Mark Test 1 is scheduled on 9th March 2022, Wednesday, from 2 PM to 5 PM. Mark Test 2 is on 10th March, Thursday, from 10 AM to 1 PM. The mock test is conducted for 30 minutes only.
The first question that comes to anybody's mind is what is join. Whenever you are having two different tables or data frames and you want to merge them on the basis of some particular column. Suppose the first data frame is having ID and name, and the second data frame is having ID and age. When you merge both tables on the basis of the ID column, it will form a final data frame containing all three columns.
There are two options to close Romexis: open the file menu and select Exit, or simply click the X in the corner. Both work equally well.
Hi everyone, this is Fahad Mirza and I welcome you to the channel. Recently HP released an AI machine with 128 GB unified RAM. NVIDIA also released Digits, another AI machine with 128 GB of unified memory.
------------------------------------------------------------
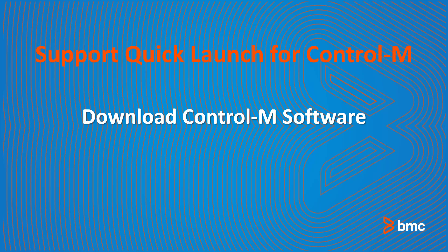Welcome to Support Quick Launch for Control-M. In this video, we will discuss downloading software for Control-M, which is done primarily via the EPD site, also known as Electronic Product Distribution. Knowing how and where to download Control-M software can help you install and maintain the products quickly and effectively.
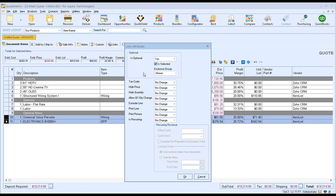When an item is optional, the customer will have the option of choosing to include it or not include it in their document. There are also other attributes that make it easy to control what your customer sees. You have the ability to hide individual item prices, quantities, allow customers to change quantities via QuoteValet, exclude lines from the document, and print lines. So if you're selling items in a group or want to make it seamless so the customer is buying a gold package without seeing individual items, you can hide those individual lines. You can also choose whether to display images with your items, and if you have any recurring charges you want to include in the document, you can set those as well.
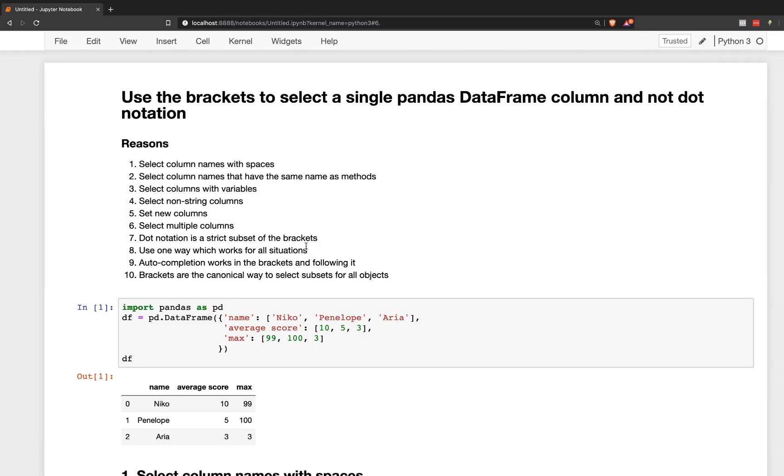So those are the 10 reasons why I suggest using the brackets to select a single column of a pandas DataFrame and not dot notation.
------------------------------------------------------------
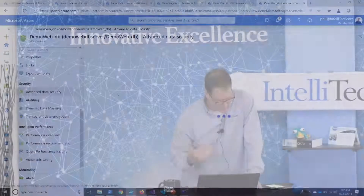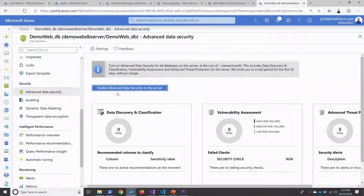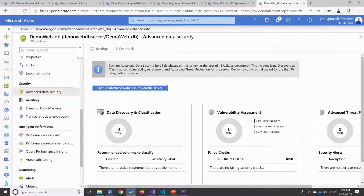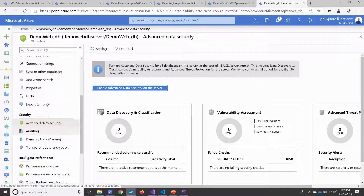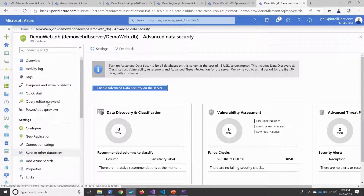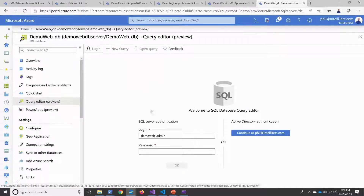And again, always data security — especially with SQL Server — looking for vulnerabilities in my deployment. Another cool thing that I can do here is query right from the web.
------------------------------------------------------------
■ **Task instructions**: Copy out the listing above from the line containing "When an item" to the line containing "So those are", both included, exactly as written and minus the images.

■ **Written answer**:
When an item is optional, the customer will have the option of choosing to include it or not include it in their document. There are also other attributes that make it easy to control what your customer sees. You have the ability to hide individual item prices, quantities, allow customers to change quantities via QuoteValet, exclude lines from the document, and print lines. So if you're selling items in a group or want to make it seamless so the customer is buying a gold package without seeing individual items, you can hide those individual lines. You can also choose whether to display images with your items, and if you have any recurring charges you want to include in the document, you can set those as well.
So those are the 10 reasons why I suggest using the brackets to select a single column of a pandas DataFrame and not dot notation.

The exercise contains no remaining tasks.